David R. Henderson is a research fellow at Stanford University’s Hoover Institution, and a professor of economics at the Graduate School of Business and Public Policy, Naval Postgraduate School, in Monterey, California.

Thomas Piketty’s Capital in the 21st Century managed to do something unprecedented among equation-dense economic tomes, it became the #1 selling book on Amazon.com. The book tapped in to a hot topic among politicians and the general public: the high (and possibly rising) wealth and income shares of the top 1%. However, David points out that although the book was a best-seller, it wasn’t actually a best-reader. Amazon logs the sentences people highlight, and the top five most-highlighted sentences in Capital all appear in the first 26 pages. It seems that, at least among kindle readers, most people didn’t make it past the introduction. It appears that people buy the book to back up the views they already hold.

David thinks that the huge interest in economic inequality in general and the wealth of the 1% in particular was sparked in the 1990s by politicians, including Al Gore, and picked up by journalists like Sylvia Nasar, before influencing the economics debate. Piketty has been able to ride this wave of public interest at what appears to be its crest.

David distinguishes between inequality of wealth, inequality of income, and inequality of power. Income inequality is the difference in the amount of income we each take in in wages, interest, dividends, and government transfers (e.g. welfare or social security payments), the four main sources of income for most people. Wealth should ideally include the total value of a person’s assets in addition to the stream of income he is likely to earn in the future, though this stream is more often ignored in wealth statistics. Wealth inequality is not the same as income inequality. Critically, since people earn variable income throughout their lives, income inequality doesn’t capture what we think of as the gap between “rich” and “poor.” Retired people who own two-million-dollar homes might have low incomes, but they certainly aren’t poor. Or, to use an example that’s relevant to myself, as a PhD student my income probably sits in the bottom quintile, and yet I can expect a much higher income after I graduate.

The major factor in both income inequality and wealth inequality (measured by current assets and not expected earnings) is age. Teenagers earn little or nothing, but they grow into adults and gain skills and education, their incomes rise, and they gain wealth through savings. Even if everyone had the same lifetime earnings, there would still be significant inequality in any given year since some people would be young low-earners, while others would be older, wealthier high-earners. And since the older people would have had the chance to accumulate wealth over a lifetime, they would have twenty times the wealth of their younger counterparts.

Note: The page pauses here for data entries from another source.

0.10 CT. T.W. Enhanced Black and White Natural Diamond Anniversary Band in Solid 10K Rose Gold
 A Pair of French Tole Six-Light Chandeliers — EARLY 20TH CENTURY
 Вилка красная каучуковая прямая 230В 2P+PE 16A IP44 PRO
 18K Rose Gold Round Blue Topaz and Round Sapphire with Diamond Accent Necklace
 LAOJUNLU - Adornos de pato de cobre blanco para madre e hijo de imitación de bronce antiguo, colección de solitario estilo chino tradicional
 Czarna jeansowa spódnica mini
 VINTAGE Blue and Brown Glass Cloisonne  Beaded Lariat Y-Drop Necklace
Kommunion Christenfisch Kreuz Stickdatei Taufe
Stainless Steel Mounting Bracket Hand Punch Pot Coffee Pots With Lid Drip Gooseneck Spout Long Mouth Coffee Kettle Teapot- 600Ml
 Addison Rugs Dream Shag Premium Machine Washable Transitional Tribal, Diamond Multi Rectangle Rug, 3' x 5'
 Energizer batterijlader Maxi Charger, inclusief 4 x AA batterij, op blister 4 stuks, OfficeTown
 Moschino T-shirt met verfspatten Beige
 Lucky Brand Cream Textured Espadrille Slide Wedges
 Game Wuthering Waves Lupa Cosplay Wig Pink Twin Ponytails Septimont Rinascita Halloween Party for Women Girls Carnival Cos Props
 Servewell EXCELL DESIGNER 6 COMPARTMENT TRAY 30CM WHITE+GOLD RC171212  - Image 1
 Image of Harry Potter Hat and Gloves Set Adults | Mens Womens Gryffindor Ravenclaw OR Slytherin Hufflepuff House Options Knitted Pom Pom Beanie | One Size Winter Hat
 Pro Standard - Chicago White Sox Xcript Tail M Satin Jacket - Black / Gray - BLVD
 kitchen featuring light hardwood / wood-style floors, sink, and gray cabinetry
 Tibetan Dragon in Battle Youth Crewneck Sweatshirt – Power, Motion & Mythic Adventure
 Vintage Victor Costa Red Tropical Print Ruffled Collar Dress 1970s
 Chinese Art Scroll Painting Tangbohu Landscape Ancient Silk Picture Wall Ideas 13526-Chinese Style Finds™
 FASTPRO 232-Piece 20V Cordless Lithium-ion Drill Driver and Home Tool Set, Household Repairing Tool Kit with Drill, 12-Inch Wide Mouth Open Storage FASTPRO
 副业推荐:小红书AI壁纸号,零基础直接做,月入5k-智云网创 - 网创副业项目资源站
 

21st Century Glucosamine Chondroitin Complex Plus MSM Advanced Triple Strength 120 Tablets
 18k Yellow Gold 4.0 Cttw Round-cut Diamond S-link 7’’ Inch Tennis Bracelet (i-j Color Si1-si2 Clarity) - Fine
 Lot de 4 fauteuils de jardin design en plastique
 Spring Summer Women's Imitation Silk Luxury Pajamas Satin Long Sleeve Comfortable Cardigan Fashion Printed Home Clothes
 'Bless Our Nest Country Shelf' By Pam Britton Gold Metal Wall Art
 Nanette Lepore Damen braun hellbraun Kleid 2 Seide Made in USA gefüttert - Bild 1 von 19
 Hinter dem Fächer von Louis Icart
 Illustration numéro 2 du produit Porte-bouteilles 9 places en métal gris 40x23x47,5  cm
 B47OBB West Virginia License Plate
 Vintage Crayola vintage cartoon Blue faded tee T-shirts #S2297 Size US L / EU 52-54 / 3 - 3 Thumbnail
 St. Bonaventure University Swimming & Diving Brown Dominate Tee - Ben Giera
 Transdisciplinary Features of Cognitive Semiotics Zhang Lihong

While there is a correlation between wealth and power, that correlation is by no means perfect. David gives the example of Bill Gates who discovered the hard way that when you have too little political influence, it can be costly. Gates was hit with a long and costly antitrust suit, after which he greatly expanded his lobbying efforts; he had learned his lesson. David agrees with Joseph Stiglitz’ argument, to some extent, that large accumulations of wealth are the result of rent seeking. Local governments restrict the building of new homes and developments that could expand the supply of housing. Thus, they keep real estate prices artificially high to the benefit of those who already own their homes. This is an example of successful rent seeking by homeowners to the detriment of non-homeowners. However, while Stiglitz would argue that this justifies a higher tax rate on the wealthy, David prefers the more direct solution of simply reducing or removing these restrictions.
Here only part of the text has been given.